Базель, 18 сентября 2009

Политика памяти и голем «коллективной вины»

Разговор о «политике памяти» начинается с анамнеза понятия. Или даже с его пионеров. Среди последних особое место принадлежит философу Ясперсу и психологу Юнгу, рассуждающим в нулевом 1945 году о «коллективной вине» . Это был внушительный интеллектуальный вклад в миротворческую волю стран-победительниц абсолютного немецкого зла. Случилось так, что в старом философском споре о «чистой доске» точку неожиданным образом поставили бомбардировщики, продемонстрировав нерасторопным профессорам, что названные «доски» не обсуждаются в аудиториях, а делаются с воздуха, путем нажатия на пусковые кнопки, и только потом уже, очищенные, заполняются новыми знаниями, инструкциями и условными рефлексами.

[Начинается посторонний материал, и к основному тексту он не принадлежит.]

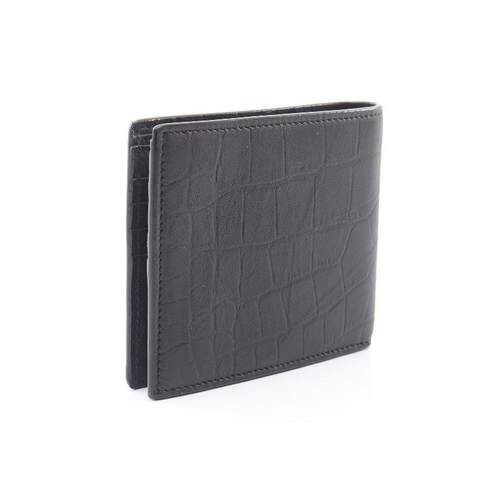 中古奢侈品YSL圣罗兰男S级99新Bi-fold wallet双折钱包牛皮长钱包 - 图0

То, что философам свойственно пребывать в неадекватных состояниях, лежит, со времен Мольера, как на ладони. Особенно когда с привычных, насиженных тем их тянет в новые и нехарактерные. Скажем, в «вопрос вины» : сначала в оригинальной версии 1918–1945, а потом и в множестве клонированных. Но что это значит,

когда о вине (конкретной, исторической) говорит не судья и не священник, а именно философ? Философы, как известно, не могут без обобщений, потому что, если бы они не обобщали, они не были бы философами. Но, обобщая вину, они лишь на свой лад воссоздавали аналог ковровых бомбардировок, покрывающих уже не города, а сознание, которое они потом (параллельно с городами) восстанавливали в рамках общих национально-педагогических программ, известных под названием «план Маршалла» .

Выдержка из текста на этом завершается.